Narcissa Malfoy war aus Erschöpfung und Langeweile eingeschlafen. Erst das Sirren einer Motorsäge weckte sie. Arbeiter setzten sie am Baum neben ihr an. Ast für Ast fiel zu Boden. Lähmendes Entsetzen packte sie. Zum ersten Mal in ihrem Leben spürte sie Bedauern mit Leben, das ausgelöscht wurde, denn in ihr machte sich eine Ahnung breit, dass auch ihres so enden könnte.

Amroth lehnte sich behaglich in seinem Sessel zurück und legte nachdenklich die Fingerspitzen aneinander. Heute war der Tag gekommen – sein Tag.

Lucius Malfoy Senior kribbelte der Fuß, der nicht mehr existierte. Am liebsten hätte er seinen Stock fallen gelassen und ihn gekratzt. Das war ihm schon lange nicht mehr passiert. Er fluchte.

Lucius stand vor dem versammelten Orden. Niemand braucht zu erfahren, dass Narcissa verschwunden ist, dachte er.
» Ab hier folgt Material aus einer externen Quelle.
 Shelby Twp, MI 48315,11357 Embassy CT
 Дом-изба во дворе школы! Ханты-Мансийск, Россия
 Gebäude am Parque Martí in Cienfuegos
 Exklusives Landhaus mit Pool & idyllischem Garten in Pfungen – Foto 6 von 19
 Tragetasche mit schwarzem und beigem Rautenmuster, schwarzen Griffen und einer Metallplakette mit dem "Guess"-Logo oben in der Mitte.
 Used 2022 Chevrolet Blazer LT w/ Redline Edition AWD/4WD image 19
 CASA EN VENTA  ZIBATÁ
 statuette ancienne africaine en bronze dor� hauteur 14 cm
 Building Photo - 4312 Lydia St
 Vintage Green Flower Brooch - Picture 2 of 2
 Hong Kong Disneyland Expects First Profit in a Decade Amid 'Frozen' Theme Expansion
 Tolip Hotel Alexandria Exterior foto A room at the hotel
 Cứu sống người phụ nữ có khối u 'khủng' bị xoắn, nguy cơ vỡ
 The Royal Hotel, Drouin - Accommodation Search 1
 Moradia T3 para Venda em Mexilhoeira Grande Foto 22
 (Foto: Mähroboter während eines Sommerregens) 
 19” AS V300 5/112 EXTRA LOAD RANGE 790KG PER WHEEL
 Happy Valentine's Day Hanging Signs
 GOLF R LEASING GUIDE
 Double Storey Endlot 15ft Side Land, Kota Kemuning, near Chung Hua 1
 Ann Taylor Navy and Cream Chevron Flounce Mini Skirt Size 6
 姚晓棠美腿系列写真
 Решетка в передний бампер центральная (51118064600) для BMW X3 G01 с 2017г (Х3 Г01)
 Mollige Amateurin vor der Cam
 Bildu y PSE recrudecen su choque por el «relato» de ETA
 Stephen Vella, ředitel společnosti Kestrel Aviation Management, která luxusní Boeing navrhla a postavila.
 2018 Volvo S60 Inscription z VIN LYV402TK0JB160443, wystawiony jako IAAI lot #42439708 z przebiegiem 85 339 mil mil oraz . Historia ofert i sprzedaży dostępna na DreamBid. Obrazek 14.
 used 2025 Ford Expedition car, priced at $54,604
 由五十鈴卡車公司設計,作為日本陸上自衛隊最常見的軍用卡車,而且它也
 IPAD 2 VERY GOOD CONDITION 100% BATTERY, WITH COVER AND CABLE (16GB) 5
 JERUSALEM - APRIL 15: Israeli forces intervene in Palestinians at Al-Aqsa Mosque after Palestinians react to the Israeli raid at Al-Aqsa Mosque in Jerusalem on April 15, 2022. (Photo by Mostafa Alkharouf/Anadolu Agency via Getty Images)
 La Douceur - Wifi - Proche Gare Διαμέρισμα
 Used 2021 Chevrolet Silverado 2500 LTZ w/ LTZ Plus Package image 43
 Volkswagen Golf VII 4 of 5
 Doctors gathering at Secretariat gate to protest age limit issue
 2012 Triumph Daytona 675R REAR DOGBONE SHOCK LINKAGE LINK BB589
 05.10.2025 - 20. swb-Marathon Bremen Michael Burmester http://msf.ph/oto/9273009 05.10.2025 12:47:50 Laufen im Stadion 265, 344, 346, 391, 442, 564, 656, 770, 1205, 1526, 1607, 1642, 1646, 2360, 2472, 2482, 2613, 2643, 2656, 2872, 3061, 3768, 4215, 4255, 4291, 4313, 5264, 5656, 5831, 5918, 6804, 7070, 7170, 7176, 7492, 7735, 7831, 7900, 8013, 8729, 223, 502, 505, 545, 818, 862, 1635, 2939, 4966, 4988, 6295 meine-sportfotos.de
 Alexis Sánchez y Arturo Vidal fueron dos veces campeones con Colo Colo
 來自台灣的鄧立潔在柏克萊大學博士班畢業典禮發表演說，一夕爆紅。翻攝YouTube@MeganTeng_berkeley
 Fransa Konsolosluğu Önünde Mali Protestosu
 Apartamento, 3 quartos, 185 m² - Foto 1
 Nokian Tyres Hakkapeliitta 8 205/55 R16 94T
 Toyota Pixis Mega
Noch nicht. Er musterte die Gesichter der Männer der Reihe nach. Sie würden ihn wählen. Geld und Macht waren auf seiner Seite ebenso wie die Tatsache, dass die Malfoys die Speerspitze von Voldemorts erneutem Aufstieg gebildet hatten. In Redepausen gönnte er sich den einen oder anderen Gedanken an Hermine. Sie waren für heute Abend verabredet. Gleicher Ort, gleiche Zeit.

Amroth hieß seinen Besucher herzlich willkommen. Malfoy fand, dass er nicht so aussah wie er sich einen Meistervampir vorgestellt hatte: So alt wie er selbst und genauso zernarbt. Doch er spürte in dem anderen eine Vitalität, die die seine in den Schatten stellte. „Meister," begrüßte er den anderen freundlich. „Willkommen in meinem Haus," erwiderte der Vampir seine Freundlichkeit. Malfoy beherrschte wie kaum ein anderer, seine wahren Absichten zu verschleiern – wenn er es denn wollte. Meist hatte er es schlichtweg nicht nötig. Doch der Vampir wusste, dass er seinen Gast auch in dieser Hinsicht übertraf. Er dachte an die Nacht zurück, in der er Narcissa aus dem Haus gelockt hatte, weil Lucius günstiger weise außer Haus gewesen war.

Hermine vergewisserte sich, dass ihr Kleid saß. Sie hatte einen leichten Lippenstift aufgetragen (eben erst gekauft, denn vorher hatte sie keinen besessen) und stellte erfreut fest, dass dieser ihre natürliche Ausstrahlung noch betonte. Sie hoffte, heute Abend nicht die Wirkung zu verfehlen. „Er steht euch," kommentierte der Spiegel. „Ich danke euch, Sir Cadogan." Sie dachte über das Schicksal ihres Gesprächspartners nach. Wer ihn in den Spiegel verbannt hatte, wusste sie nicht, und er zog es vor, darüber zu schweigen. Nachdem Hogwarts von Voldemorts Handlangern geschlossen und sein Inventar verkauft worden war, hatte der Spiegel – sie dachte von ihm nur als Sir Cadogan – seinen Weg ins „Friar's Inn" gefunden.

Als sie aus der Tür trat, sah sie seinen geraden Rücken und sein helles Haar bereits. Ihr Herz hämmerte, sie wusste nicht, ob in Erwartung dessen, was kam, oder aus Angst vor sich selbst. Er musste ihren Blick gespürt haben, denn er drehte sich zu ihr herum und sah ihr geradewegs in die Augen. Seine strahlten: „Hermine." „Lucius," begrüßte sie ihn zurückhaltend. Er beugte sich zu ihr hinab. Sie war nur wenige Zentimeter kleiner als ihr, und er liebte große Frauen. Sie versuchte sich nicht anmerken zu lassen, wie sehr sie das Strahlen in seinen Augen getroffen hatte, unvorbereitet und an ihrer empfindlichsten Stelle. Er nahm ihre Hand, und sie umfasste seine. Kraftvolle, schlanke Hände, wie Ron sie gehabt hatte. Die Erinnerung versetzte ihr einen Stich.

Mit einem Nicken verabschiedeten sie sich von dem Wirt.